Behavior-Based Training for Safety and Health

Sept. 1, 1998
While safety is important, putting safety first sends the wrong message to our organization. Here's why.

Safety and health training is effective when it changes the safety-related behavior of the trainees. Safety and health trainers can put their hearts and minds into the best training they can think of, only to see trainees in the field doing things that contradict the instruction they have received.

From our experience as students, we thought that good training could be summed up as enthusiastic information transfer in a classroom. In our earlier training assignments, we also assumed that hourly workers would be our usual trainees. Taken together, our assumptions overlooked the particular need in industrial safety and health of engaging personnel at all levels of an organization to motivate themselves and each other through hands-on action-planning for performance improvement.

Challenge

The challenge for safety and health training is that some of the most serious exposures to risk result when the workforce fails to perform safe behaviors that the organization supports only partially (difficult behaviors) or not at all (non-enabled behaviors). Training that improves the performance rate of those behaviors must include managers and supervisors because the aim of that training is to improve both management and system support for the identified safe behaviors.

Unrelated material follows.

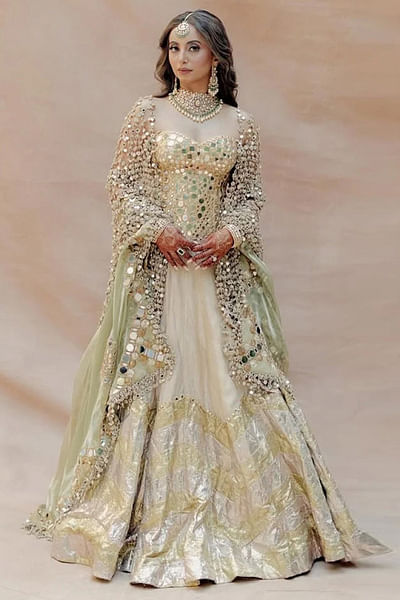 Gold chevron gota patti and mirror lehenga set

This kind of training (applied behavior analysis and action planning) often includes joint groups of salaried and hourly workers. The hourly workers help to identify the system barriers that make particular safety-related behaviors either difficult or non-enabled. The managers provide the resources and priority needed to remove the barriers and put in place new system antecedents and consequences.

In the practice of behavior-based training, there are four related points:

1) The goal of training is behavioral change.

2) Some behaviors are harder to change than others.

3) Behavioral change often requires system change.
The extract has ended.